38. 2.2 The assessment of the Hungarian authorities regarding the legislative framework for CFT, especially the legal obligation to report FT suspicious transactions differs considerably from that of the assessors.

39. As for the implementation of the UNSCRs on CFT issues we would like to emphasize that the relevant EU regulations on restrictive measures adapted the mentioned resolutions. These EU regulations are directly enforceable and applicable in Hungary being a member state of the EU since May 1, 2004. Thus, the general legislative framework is in place and there is a need to complete in details the related implementing measures.

40. With respect to suspicious transaction reporting we would like to mention that the Hungarian authorities are of the opinion, the AML Act’s preamble gives the legal ground for the reporting STRs on data, facts and circumstances indicating terrorist financing. Although the preamble does not provide a solid legal basis, but the reporting system is effective in practice, and e.g., the Recommendation No.1/2004 of the HFSA defines guidelines for the service providers.

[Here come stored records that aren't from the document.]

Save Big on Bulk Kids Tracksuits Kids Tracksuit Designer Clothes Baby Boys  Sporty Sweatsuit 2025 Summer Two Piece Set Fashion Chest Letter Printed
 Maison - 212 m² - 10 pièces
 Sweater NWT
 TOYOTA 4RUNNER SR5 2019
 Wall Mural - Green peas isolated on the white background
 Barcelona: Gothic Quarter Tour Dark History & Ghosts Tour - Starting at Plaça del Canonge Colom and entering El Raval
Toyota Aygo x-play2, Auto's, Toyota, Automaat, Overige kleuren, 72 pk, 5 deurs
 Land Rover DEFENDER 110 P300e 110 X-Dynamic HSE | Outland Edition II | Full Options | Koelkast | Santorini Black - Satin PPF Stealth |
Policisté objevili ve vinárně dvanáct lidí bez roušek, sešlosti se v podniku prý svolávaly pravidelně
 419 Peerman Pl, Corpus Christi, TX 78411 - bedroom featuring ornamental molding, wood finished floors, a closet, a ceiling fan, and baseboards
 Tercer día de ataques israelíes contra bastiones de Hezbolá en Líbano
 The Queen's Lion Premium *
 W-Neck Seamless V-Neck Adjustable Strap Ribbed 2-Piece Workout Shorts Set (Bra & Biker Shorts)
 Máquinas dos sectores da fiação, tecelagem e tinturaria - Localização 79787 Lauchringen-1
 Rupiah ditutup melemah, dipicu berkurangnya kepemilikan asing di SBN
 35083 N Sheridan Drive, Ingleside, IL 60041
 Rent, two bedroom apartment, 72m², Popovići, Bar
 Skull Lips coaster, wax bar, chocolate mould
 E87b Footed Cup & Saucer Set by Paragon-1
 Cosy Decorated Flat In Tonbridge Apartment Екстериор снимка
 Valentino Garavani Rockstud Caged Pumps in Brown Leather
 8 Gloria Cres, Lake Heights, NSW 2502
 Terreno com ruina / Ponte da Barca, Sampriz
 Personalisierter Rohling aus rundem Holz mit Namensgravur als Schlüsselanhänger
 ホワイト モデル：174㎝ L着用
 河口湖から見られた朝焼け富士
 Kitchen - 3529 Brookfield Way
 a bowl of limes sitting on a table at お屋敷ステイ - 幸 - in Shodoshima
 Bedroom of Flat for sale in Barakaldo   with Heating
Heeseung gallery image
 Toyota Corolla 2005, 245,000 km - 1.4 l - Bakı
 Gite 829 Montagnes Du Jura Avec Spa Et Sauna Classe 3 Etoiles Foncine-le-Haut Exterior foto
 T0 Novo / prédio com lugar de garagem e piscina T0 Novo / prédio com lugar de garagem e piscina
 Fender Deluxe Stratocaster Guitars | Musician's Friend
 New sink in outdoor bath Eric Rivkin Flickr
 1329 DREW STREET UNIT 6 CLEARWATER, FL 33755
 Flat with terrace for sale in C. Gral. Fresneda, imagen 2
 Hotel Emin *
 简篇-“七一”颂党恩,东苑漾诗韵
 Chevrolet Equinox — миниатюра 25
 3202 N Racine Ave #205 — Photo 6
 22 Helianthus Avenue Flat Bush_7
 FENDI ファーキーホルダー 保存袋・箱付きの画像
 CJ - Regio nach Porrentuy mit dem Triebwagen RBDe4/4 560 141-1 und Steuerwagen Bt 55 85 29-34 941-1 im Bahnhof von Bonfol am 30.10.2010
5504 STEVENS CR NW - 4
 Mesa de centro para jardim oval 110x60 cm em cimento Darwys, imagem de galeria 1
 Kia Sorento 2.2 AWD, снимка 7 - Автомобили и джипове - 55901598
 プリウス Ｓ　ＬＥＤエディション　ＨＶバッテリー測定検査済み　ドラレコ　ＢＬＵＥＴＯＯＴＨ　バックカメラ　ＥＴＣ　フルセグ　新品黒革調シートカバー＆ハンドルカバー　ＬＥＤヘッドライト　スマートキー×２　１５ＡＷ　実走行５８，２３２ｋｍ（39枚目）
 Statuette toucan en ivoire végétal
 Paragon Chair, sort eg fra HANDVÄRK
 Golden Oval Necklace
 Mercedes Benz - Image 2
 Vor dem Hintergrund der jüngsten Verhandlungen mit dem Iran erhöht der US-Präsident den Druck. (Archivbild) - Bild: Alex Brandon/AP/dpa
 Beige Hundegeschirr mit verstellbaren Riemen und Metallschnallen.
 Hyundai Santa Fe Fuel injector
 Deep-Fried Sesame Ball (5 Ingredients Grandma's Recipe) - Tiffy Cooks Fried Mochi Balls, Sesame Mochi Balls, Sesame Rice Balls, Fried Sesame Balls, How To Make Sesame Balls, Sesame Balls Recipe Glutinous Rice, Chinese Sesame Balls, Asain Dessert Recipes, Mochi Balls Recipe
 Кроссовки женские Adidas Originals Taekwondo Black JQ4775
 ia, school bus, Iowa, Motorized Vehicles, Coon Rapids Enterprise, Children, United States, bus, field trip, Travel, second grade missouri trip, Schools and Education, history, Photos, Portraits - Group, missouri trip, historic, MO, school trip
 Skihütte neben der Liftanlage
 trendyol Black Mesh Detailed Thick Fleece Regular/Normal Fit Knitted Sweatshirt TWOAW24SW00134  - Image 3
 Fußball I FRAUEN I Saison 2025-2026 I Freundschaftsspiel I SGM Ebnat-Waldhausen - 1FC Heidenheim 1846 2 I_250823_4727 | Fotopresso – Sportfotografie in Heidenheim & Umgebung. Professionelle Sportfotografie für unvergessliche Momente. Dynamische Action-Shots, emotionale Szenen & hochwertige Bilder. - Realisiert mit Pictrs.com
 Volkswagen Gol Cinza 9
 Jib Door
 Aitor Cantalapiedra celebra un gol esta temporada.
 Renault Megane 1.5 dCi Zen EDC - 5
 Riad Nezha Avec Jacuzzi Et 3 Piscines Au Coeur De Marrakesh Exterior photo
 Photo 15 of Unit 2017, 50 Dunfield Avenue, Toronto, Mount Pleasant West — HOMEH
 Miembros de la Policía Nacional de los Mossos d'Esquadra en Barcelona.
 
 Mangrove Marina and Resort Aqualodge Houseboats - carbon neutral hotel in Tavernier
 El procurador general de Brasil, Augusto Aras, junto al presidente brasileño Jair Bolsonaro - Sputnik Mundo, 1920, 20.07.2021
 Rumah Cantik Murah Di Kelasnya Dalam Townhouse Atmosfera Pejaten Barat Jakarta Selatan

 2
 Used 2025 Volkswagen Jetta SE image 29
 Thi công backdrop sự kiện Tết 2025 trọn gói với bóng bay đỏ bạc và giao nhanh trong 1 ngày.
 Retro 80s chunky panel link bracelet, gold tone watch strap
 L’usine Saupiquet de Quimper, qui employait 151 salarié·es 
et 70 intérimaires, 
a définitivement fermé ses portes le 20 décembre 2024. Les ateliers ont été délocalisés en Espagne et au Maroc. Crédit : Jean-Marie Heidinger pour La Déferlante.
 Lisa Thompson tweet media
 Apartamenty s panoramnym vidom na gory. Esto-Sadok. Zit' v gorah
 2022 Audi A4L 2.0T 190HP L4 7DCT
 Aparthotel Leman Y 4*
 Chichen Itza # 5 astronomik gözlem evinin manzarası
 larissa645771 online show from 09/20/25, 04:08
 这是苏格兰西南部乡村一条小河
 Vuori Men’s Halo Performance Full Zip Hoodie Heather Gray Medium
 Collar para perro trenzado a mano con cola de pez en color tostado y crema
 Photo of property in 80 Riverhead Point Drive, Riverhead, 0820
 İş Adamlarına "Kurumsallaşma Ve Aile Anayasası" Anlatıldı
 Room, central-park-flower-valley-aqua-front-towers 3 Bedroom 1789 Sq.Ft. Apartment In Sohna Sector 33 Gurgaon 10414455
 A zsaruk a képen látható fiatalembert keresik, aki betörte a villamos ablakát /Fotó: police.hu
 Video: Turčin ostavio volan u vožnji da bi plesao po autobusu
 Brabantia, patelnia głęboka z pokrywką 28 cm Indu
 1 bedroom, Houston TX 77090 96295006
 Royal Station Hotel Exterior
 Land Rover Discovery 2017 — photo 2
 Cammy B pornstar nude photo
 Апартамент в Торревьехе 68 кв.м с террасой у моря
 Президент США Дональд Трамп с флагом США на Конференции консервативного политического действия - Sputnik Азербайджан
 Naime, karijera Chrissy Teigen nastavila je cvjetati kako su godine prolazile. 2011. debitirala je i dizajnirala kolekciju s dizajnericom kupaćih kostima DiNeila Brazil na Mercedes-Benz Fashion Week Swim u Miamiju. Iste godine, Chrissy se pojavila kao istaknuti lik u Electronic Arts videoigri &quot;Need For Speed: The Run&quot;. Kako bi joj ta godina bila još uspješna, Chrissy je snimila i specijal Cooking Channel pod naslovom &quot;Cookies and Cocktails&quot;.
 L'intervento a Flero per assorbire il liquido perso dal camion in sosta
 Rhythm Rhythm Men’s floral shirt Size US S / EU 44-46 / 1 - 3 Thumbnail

41. Furthermore it is well known that Hungarian financial service providers (banks, insurance companies, investment funds, etc.) have been heavily investing in FT screening software. It is also acknowledged in the assessment report that reports on FT suspicion are regularly sent to the FIU and there were two cases in 2004 when due to suspicion of FT assets were frozen. It is equally well known that the constantly updated EU terrorist list is publicly available on the homepage of the Hungarian Financial Supervisory Authority (HFSA) and all financial service providers are daily updating their screening systems accordingly. Furthermore the HFSA approves all AML/CFT internal rules of the financial service providers and without a comprehensive reporting system including FT reporting there is no chance to obtain an approval that is an essential element of a license. All on-site inspections of the HFSA focus on this subject.

42. However this and many more measures are summarily assessed as “No legal obligation for reporting STRs related to FT”.

43. Our point is that in the case of a well-functioning AML/CFT system accepted as such also by the assessors the very existence and the functioning of the system should be taken into account when assessing if there was a legal basis for the establishment of the system.

44. Finally, the high level of compliance of the Hungarian AML/CFT system with the international standards indicates the commitment of Hungary to fight against money laundering and suppressing the financing of terrorism. The achievements of Hungary serve as a well-grounded basis for further development of the AML/CFT system in place.


The assessment team was composed of Kiyotaka Sasaki and Paul Ashin (both MFD), Giuseppe Lombardo (LEG) and Dirk Merckx (Public Prosecutor of Belgium).


MONEYVAL, “Mutual Evaluation/Detailed Assessment Questionnaire—Hungary” (Budapest, January 31, 2005), Annex 1; MONEYVAL, “Second round evaluation report on Hungary,” (Strasbourg, December 13, 2002), pp. 5—8; United States Department of State, “International Narcotics Control Strategy Report—2003 (March 2004), Hungary sections in Parts I and II.


However, the Recommendation of the President of the HFSA 1/2004 provides that financial institutions should pay increased attention to the lists of terrorists and terrorism organizations and that they should immediately report to the competent investigation authorities in case of a suspicion of FT.


The HFSA updated the Recommendation relating to CDD requirements for correspondent banking relationship in April 2005 immediately following the on-site visit by the assessment team.